Gemäss Art. 5 Abs. 1 DSG muss sich der­je­ni­ge, wel­cher Per­so­nen­da­ten bear­bei­tet, über deren Rich­tig­keit ver­ge­wis­sern. Die Bear­bei­tung unrich­ti­ger Per­so­nen­da­ten ist nur dann wider­recht­lich, wenn ihre Unrich­tig­keit auf man­geln­de Ver­ge­wis­se­rung durch den Bear­bei­ter zurück­zu­füh­ren ist. Die Ver­ge­wis­se­rungs­pflicht gemäss Art. 5 Abs. 1 DSG bringt es mit sich, dass das ver­ant­wort­li­che Bun­des­or­gan die Rich­tig­keit der von ihm bear­bei­te­ten Per­so­nen­da­ten von Amtes wegen über­prü­fen muss, sobald ihm mit einem Gesuch um Berich­ti­gung kon­kre­te Anhalts­punk­te für deren Unrich­tig­keit unter­brei­tet wer­den. Kommt es die­ser Pflicht nicht oder unge­nü­gend nach, wird die zukünf­ti­ge Bear­bei­tung der betref­fen­den Daten wider­recht­lich und begrün­det damit den Unter­las­sungs- und Berich­ti­gungs­an­spruch gemäss Art. 25 Abs. 1 Bst. a und Abs. 3 Bst. a DSG (vgl. JAN BANGERT, in: Bas­ler Kom­men­tar DSG, a.a.O., Art. 25 N. 46 f. S. 471; Yvonne JÖHRI, in: Hand­kom­men­tar zum Daten­schutz­ge­setz, 2008, Art. 25 N. 12 ff. S. 588; BVGE 2013/30 E. 4.1; VPB 65.51). Das Daten­schutz­ge­setz kennt kei­ne eigent­li­che Pflicht, nur rich­ti­ge Daten zu bear­bei­ten. Der Daten­be­ar­bei­ter ist ledig­lich ver­pflich­tet, sich über die Rich­tig­keit der von ihm bear­bei­te­ten Daten zu ver­ge­wis­sern. Wie­weit er bei sei­nen Abklä­run­gen über die Rich­tig­keit gehen muss, ist im Ein­zel­fall zu prü­fen. Mass­ge­bend sind dabei ins­be­son­de­re die Zweck­be­stim­mung der Daten­samm­lung, inwie­weit eine Bekannt­ga­be von Daten erfolgt sowie deren Sen­si­ti­vi­tät […].

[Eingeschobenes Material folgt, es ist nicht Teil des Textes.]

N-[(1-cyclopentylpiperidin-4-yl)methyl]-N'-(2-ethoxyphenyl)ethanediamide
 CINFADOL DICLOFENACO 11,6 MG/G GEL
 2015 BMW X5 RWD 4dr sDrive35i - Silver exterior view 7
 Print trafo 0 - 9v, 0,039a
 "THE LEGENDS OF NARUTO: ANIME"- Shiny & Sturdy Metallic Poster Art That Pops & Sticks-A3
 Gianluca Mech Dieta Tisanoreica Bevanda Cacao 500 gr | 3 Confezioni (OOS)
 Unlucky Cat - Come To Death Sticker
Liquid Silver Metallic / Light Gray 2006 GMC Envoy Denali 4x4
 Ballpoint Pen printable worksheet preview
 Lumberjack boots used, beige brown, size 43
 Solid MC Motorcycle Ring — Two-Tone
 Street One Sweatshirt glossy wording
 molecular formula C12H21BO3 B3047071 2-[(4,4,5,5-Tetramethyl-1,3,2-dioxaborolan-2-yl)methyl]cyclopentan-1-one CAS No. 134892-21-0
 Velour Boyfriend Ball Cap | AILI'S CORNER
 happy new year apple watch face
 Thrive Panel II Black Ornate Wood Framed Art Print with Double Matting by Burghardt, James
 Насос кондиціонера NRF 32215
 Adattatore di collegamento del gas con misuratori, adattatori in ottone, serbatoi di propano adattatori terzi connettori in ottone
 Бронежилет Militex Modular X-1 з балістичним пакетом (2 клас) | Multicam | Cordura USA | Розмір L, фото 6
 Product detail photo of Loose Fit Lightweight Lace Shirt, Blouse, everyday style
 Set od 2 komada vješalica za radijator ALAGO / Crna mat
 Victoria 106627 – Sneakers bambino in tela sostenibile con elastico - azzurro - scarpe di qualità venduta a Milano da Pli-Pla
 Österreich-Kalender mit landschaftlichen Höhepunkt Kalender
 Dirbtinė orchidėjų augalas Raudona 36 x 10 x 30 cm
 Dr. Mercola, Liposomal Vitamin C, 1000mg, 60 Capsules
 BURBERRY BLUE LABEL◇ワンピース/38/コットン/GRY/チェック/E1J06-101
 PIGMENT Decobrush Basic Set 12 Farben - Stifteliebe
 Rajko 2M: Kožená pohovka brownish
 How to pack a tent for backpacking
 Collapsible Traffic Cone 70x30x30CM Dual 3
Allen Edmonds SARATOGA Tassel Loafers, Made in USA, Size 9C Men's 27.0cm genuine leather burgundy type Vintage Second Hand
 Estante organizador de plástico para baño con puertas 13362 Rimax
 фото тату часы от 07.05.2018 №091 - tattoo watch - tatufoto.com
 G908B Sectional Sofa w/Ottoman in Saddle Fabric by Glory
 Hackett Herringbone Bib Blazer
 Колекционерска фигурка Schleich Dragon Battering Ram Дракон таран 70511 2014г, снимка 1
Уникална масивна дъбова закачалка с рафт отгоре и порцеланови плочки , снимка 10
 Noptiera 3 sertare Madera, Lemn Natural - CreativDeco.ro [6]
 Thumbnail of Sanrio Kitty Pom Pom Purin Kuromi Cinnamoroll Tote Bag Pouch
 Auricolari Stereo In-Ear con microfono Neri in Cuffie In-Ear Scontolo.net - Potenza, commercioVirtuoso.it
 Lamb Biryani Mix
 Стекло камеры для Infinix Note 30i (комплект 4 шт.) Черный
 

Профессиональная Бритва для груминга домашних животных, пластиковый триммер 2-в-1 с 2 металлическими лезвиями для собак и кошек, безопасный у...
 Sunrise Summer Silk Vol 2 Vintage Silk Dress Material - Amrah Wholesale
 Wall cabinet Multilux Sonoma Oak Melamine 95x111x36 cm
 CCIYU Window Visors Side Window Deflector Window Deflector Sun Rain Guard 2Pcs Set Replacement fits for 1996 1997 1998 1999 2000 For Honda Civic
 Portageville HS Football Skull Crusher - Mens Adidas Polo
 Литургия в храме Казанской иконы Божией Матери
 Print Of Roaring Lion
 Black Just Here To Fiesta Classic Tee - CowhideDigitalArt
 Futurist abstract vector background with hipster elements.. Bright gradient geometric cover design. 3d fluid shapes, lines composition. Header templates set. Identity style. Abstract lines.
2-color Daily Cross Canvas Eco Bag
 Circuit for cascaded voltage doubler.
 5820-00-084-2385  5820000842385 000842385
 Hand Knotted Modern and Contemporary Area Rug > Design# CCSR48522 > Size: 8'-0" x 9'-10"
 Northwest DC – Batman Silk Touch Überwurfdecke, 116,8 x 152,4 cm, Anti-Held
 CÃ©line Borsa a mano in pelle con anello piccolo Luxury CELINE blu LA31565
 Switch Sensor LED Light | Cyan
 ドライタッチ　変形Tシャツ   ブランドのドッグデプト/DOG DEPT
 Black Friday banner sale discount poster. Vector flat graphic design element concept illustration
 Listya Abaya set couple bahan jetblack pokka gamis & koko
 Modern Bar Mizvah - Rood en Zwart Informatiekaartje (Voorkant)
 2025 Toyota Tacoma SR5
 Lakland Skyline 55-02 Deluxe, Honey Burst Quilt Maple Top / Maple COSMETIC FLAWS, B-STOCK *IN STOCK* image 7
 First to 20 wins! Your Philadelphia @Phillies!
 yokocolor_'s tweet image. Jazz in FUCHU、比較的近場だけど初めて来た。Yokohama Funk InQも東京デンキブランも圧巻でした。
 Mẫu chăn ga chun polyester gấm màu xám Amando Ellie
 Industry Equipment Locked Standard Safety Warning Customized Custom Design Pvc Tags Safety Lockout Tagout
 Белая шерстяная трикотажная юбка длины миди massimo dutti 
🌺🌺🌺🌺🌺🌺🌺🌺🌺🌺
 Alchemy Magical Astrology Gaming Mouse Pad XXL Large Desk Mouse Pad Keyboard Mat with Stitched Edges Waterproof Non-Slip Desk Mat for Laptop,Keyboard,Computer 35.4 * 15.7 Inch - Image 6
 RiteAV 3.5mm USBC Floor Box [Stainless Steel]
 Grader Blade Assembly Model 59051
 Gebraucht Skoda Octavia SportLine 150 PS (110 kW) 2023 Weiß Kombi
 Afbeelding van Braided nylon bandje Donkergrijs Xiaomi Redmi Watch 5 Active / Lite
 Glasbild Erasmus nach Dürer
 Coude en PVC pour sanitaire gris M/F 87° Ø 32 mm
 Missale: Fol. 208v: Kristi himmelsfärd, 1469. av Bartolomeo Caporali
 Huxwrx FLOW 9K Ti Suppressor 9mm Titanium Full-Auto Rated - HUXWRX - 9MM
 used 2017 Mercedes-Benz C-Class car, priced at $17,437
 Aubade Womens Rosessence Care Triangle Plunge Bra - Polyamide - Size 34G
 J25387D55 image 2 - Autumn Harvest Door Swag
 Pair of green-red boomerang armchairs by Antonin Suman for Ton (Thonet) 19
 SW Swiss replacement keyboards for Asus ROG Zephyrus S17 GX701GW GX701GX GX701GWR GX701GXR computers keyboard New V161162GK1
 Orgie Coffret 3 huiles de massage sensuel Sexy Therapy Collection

Die FINMA hat die­se Grund­sät­ze nicht verletzt:

4.2 Die in Fra­ge ste­hen­de Watch­list der Vor­in­stanz dient, wie dar­ge­legt, aus­schliess­lich dem behör­den­in­ter­nen Wis­sens­ma­nage­ment. Es han­delt sich um eine rein inter­ne Daten­samm­lung, in wel­che nur weni­ge Mit­ar­bei­ter der Vor­in­stanz über­haupt Ein­sicht haben. Die Vor­in­stanz sam­melt dar­in Daten, wel­che mit einer gewis­sen Wahr­schein­lich­keit im Hin­blick auf eine künf­ti­ge Gewährs­be­ur­tei­lung rele­vant sein könn­ten. Bereits die Defi­ni­ti­on, dass in Art. 1 der Daten­ver­ord­nung-FIN­MA, wonach Daten von „Per­so­nen, deren Gewähr für eine ein­wand­freie Geschäfts­tä­tig­keit zwei­fel­haft oder nicht gege­ben sei“, gesam­melt wer­den, macht klar, dass in der Daten­samm­lung auch noch nicht rechts­kräf­tig abge­klär­te Ver­dachts­mo­men­te doku­men­tiert wer­den können.

Die Vor­in­stanz erhielt die­ses Doku­ment von der Bank X. bzw. von deren Anwäl­ten. Inter­ne Unter­su­chun­gen von inter­na­tio­nal täti­gen Ban­ken wer­den typi­scher­wei­se nicht durch die Bank selbst, son­dern von einer Anwalts­kanz­lei oder einer Prüf­ge­sell­schaft durch­ge­führt, wel­che für die Qua­li­tät und Unab­hän­gig­keit ihrer der­ar­ti­gen Unter­su­chun­gen inter­na­tio­nal ange­se­hen sind, ins­be­son­de­re auch bei den ein­schlä­gi­gen aus­län­di­schen Auf­sichts­be­hör­den. Wenn die Vor­in­stanz für ihre Daten­samm­lung Bele­ge oder Pro­to­kol­le aus einer der­ar­ti­gen inter­nen Unter­su­chung ent­ge­gen­ge­nom­men hat, kann ihr nicht vor­ge­wor­fen wer­den, sie sei ihrer Ver­ge­wis­se­rungs­pflicht nicht nach­ge­kom­men, jeden­falls solan­ge kei­ne kon­kre­ten Anhalts­punk­te vor­lie­gen, die Zwei­fel an der Echt­heit oder Rich­tig­keit der betref­fen­den Doku­men­te auf­drän­gen würden.